Les frustrés d'une absence de débat public sur le cinquantenaire de l'indépendance nationale peuvent trouver dans l'autobiographie «à deux voix» que les époux Chaulet viennent de signer aux éditions Barzakh quelques points d'histoire et de mémoire pour soulager leur peine et revenir sur quelques séquences-clés du demi-siècle que l'Algérie vient de vivre.
Leur livre n'a sans doute pas d'autre prétention que celle de l'autobiographie. Il enserre en quelques chapitres ce qu'ils ont bien voulu partager de leur vie et de leur intimité. Mais, derrière le récit qu'ils font de leur existence propre et pendant laquelle, soixante ans durant, ils ont connu l'amour, l'engagement, la famille, l'amitié, la déception, l'effroi du fanatisme religieux, l'exil, l'interrogation, il y a le discours et le témoignage sur une séquence importante de l'histoire algérienne contemporaine.
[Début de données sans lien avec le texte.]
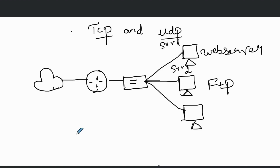Hi everybody, today we're going to see about TCP and UDP at Layer 4, the transport layer. We're going to see about the transport layer of TCP and UDP ports. Before explaining TCP and UDP, I would like to explain what ports are, what ephemeral ports are, and what the uses of ports are.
Pierre et Claudine Chaulet, doit-on le rappeler, ne sont pas des Algériens ordinaires. Dès l'aube de la révolution, ils ont tous les deux milité dans les rangs du FLN historique au moment où d'autres Algériens, individuellement ou collectivement, attendaient de s'assurer du sens du vent. Très tôt, ils sont devenus ensemble, en 1955, des acteurs de la guerre et de la révolution anticoloniale, et restent, aujourd'hui, parmi ces observateurs clés qui ont été en contact direct avec certains de ses grands chefs.
Au parti jusqu'aux années 1980, du moins pour le docteur Chaulet, le couple, qui a siégé pendant plusieurs années en tant qu'élus à Alger, s'est ensuite mis, après 1962, au service du pays, Pierre en tant que médecin spécialiste de la lutte contre la tuberculose et cadre à la santé publique, Claudine à l'université et dans la recherche en sciences sociales.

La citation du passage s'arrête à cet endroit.